Source data section start

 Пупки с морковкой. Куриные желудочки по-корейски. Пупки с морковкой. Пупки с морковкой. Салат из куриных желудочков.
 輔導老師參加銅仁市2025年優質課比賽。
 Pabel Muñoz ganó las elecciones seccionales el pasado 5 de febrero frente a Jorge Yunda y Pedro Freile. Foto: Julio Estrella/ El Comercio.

Source data section end
Source data section start

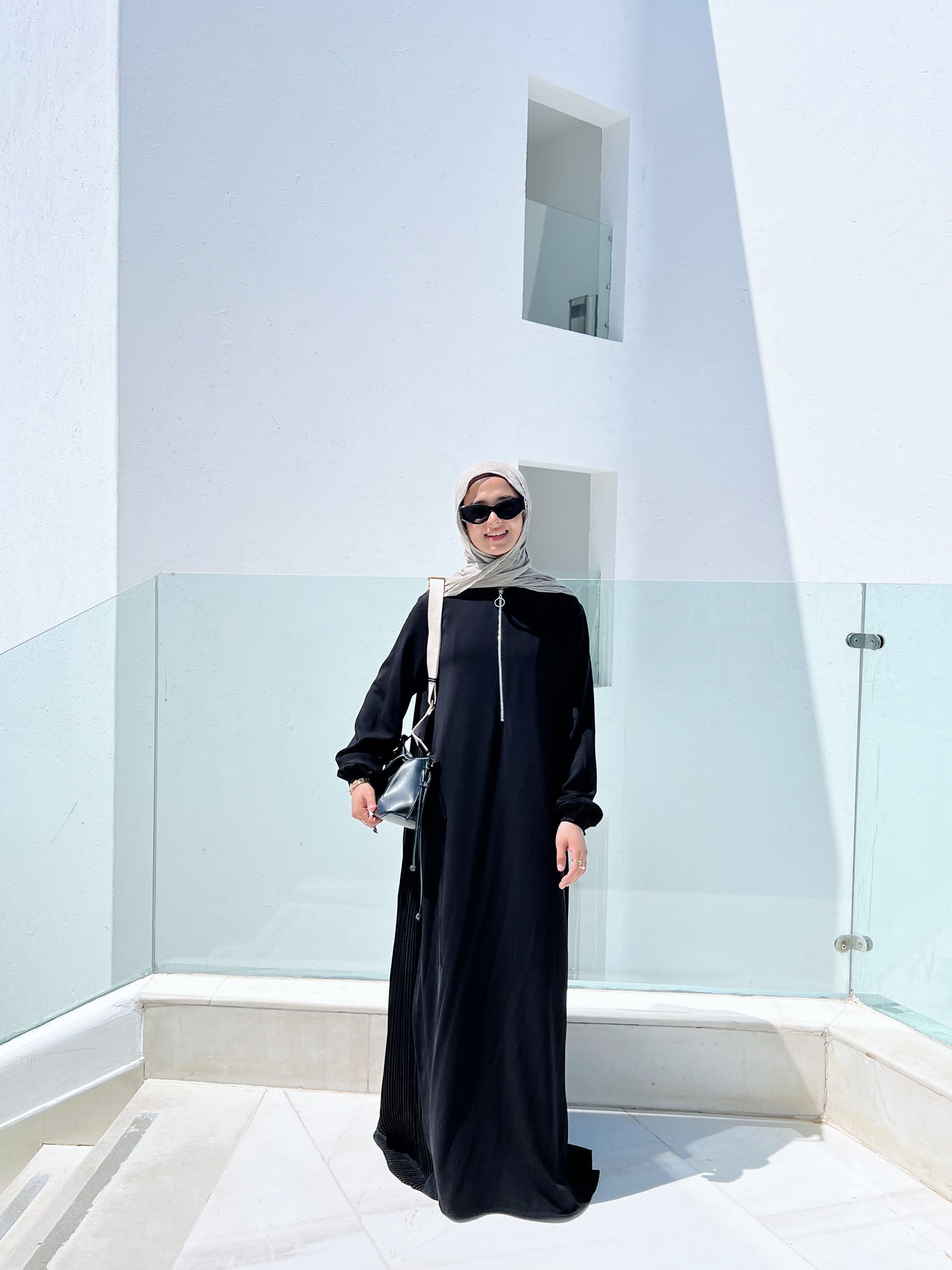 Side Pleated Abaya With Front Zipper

Source data section end
Source data section start

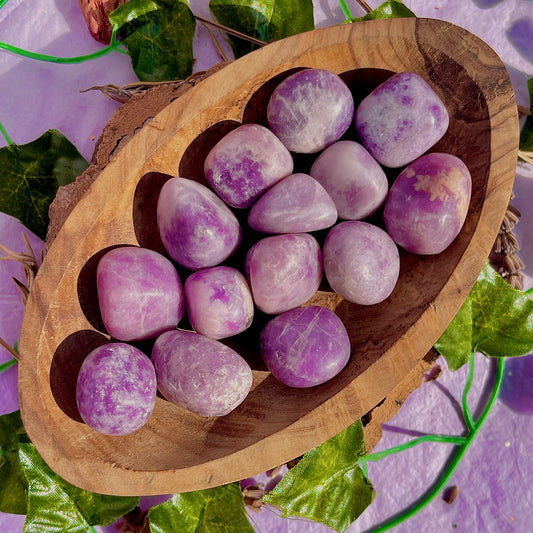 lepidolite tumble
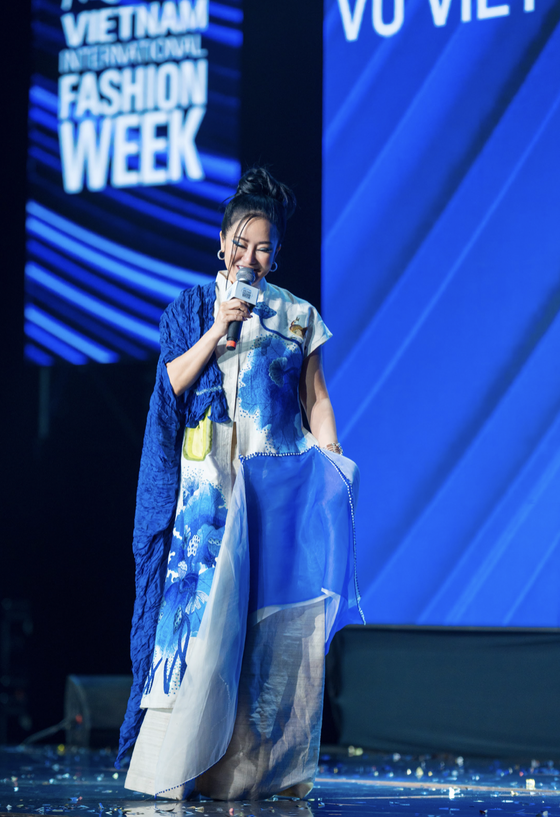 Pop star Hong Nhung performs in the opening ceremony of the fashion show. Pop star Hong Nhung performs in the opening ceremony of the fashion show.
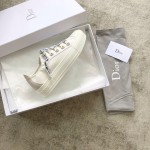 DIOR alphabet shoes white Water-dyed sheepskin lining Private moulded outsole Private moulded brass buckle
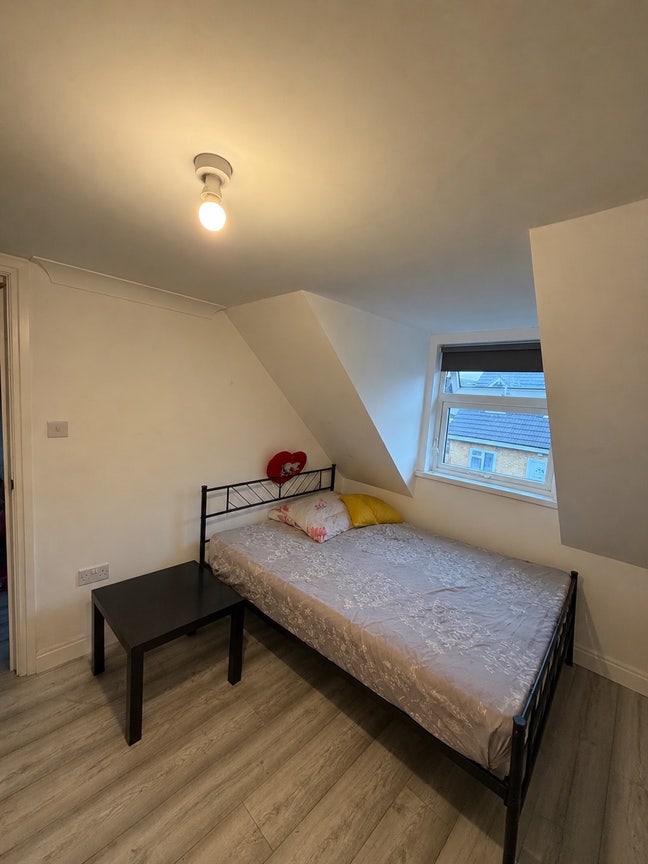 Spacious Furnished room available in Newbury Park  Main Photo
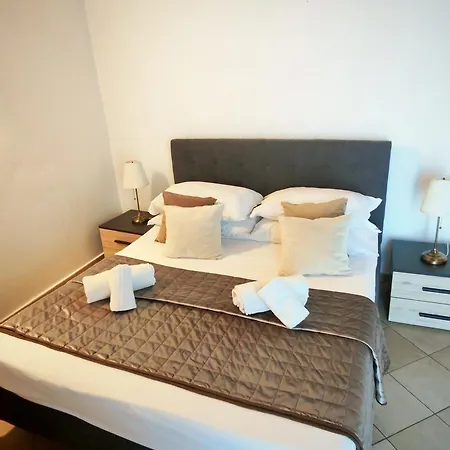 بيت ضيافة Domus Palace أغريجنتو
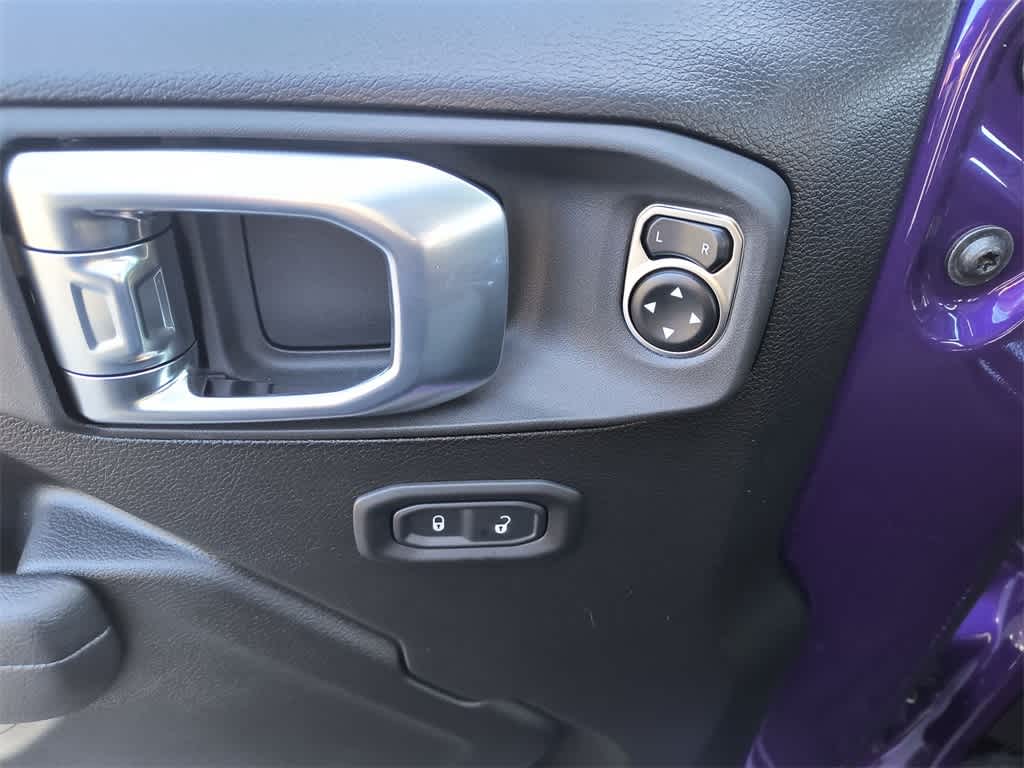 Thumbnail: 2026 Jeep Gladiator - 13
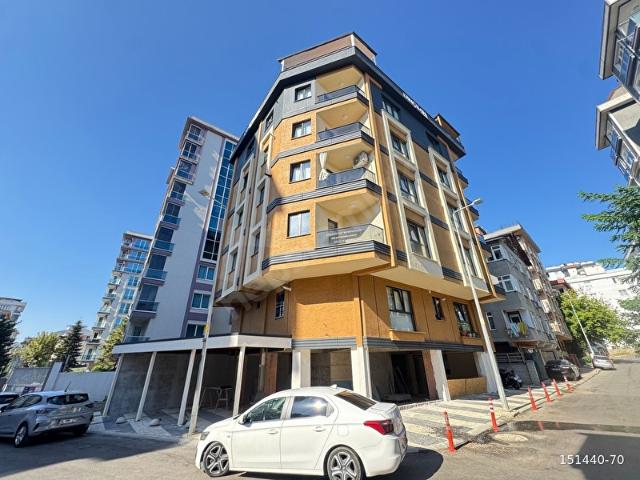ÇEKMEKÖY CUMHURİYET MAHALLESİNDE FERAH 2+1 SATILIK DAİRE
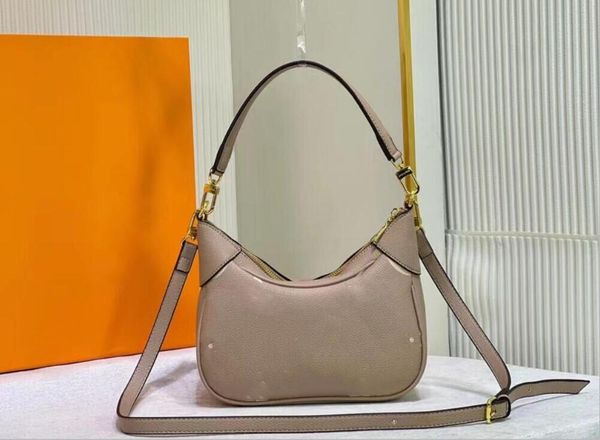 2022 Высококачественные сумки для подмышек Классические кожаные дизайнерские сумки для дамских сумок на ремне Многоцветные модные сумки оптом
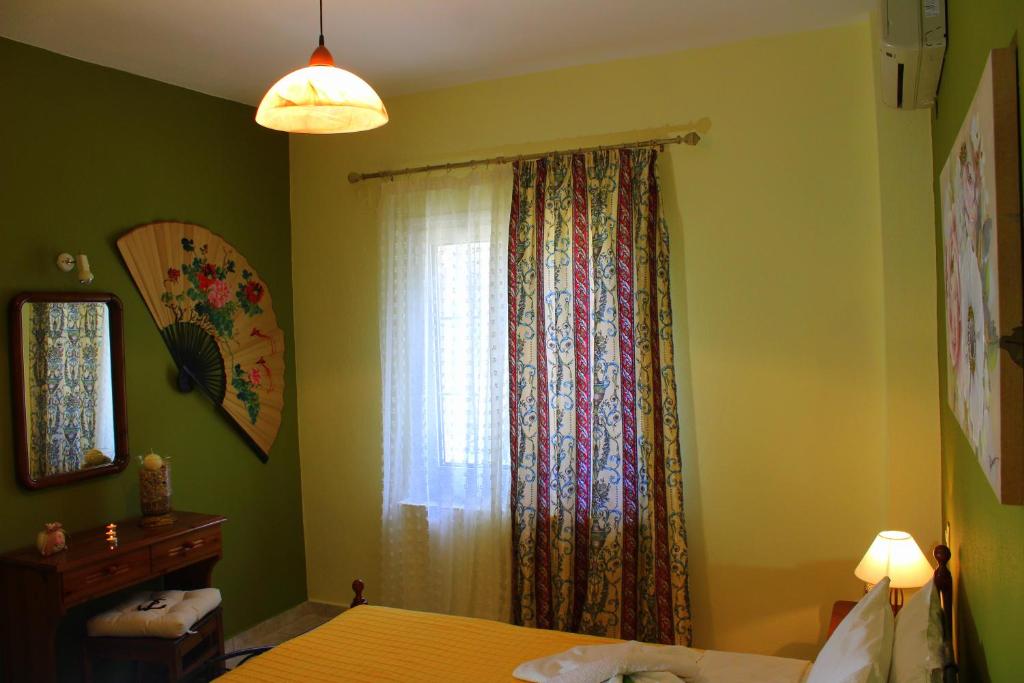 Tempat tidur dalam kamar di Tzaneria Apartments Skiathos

Source data section end

**What the task requires:** Within the listing above, extract exactly the lines from the line with "輔導老師參加銅仁市2025年優質課比賽。" to the line with "Pabel Muñoz ganó", the two named lines included, and no others.

**Response area:**
 輔導老師參加銅仁市2025年優質課比賽。
 Pabel Muñoz ganó las elecciones seccionales el pasado 5 de febrero frente a Jorge Yunda y Pedro Freile. Foto: Julio Estrella/ El Comercio.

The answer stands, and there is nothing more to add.